Antes decía que esta última soledad puede ser más comprensible e incluso podría estar justificada por la natural decadencia física, pero la realidad es que aunque pueda ser más entendible no es ni menos ni más importante que la primera. Porque, según entiendo, la soledad no elegida nace de dentro y no siempre tiene que ver con tener esposa, amigos, amante, hijos, una apretada agenda social o un reconfortante trabajo. La soledad, como el amor, la tristeza, la alegría o la ilusión, es una de esas cosas que no siempre tiene una justificación razonada, una de esas sensaciones que sabemos que existen pero que sólo son necesarias en su justa medida y cuando la medida no es la justa, aparece un problema.
A veces, comparo la soledad con el frío –una comparación muy utilizada poéticamente-, como una de esas sensaciones normales y naturales en cualquier animal, de hecho, son sensaciones normales y naturales en los animales y nosotros, le pese a quién le pese, somos animales. Y entonces, me siento molesta. Molesta de que los sentimientos propios e innatos en las personas se escondan cada vez más, se conviertan en tabúes sociales que condicionan a quienes los sienten. Me gustaría que se hablara más de todo aquello que abarca la parte más irracional del ser humano, esa que se intenta reprimir y anular mediante una sanción preestablecida de lo que es más o menos normal. Sería positivo –y a mi juicio necesario- normalizar todo lo que tiene que ver con sentimientos, sensaciones y pensamientos. Aunque sé que ahora puedo sonar repetitiva, no me acostumbro a que todos aceptemos tan rápido que se evolucione tanto en muchos aspectos y se encubran, se taponen e incluso se sancionen temas que son reales, necesarios e importantes: los más irracionales, los que no nacen de elucubraciones mentales perfectamente coherentes.
¿Recuerdan el chico de 19 años que se lió a disparos contra desconocidos en un centro comercial hace pocos días? En este caso no había patología psíquica y, al parecer, lo que más repetía era que se sentía solo y que no quería ser una carga para nadie. Hablaron de depresión, curiosamente, una de las consecuencias más comunes tras el sentimiento de la soledad extrema.

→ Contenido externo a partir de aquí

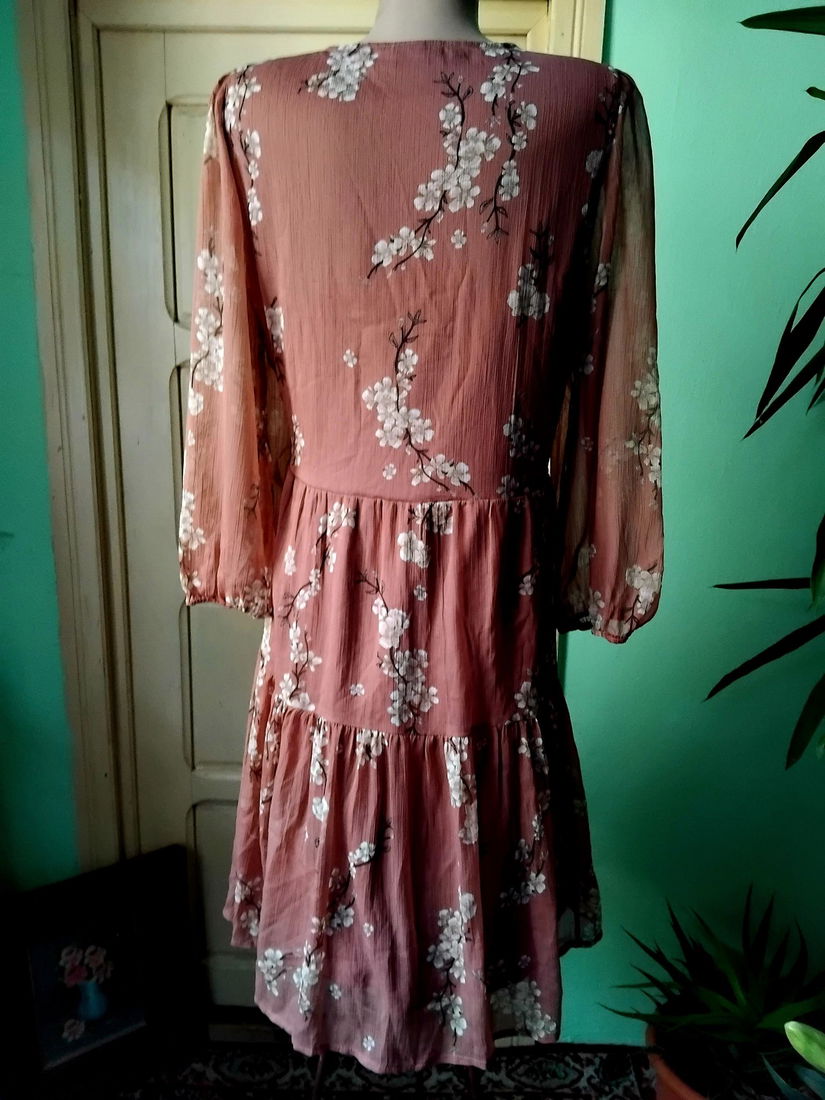 Rochie cu crengute de mar inflorit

Algunos me tacharán de exagerada, lo sé, pero espero que sean muchas las mentes que al menos compartan la idea de que el buen cultivo y la salud mental de las personas debe pasar por tratar abiertamente y con normalidad el tema de los pensamientos más ocultos que anidan en las mentes tan desarrolladas y poco perfectas de los que nos vanagloriamos de sentirnos superiores a cualquier otra especie.

1 comentario:

Miradaenfuga dijo...

Profunda reflexión. Quizás la soledad exista siempre, pero cerca habrá personas que, si más no, la atenúen y la hagan más llevadera. Disfrutemos de ellas y (¿por qué no?) de ella.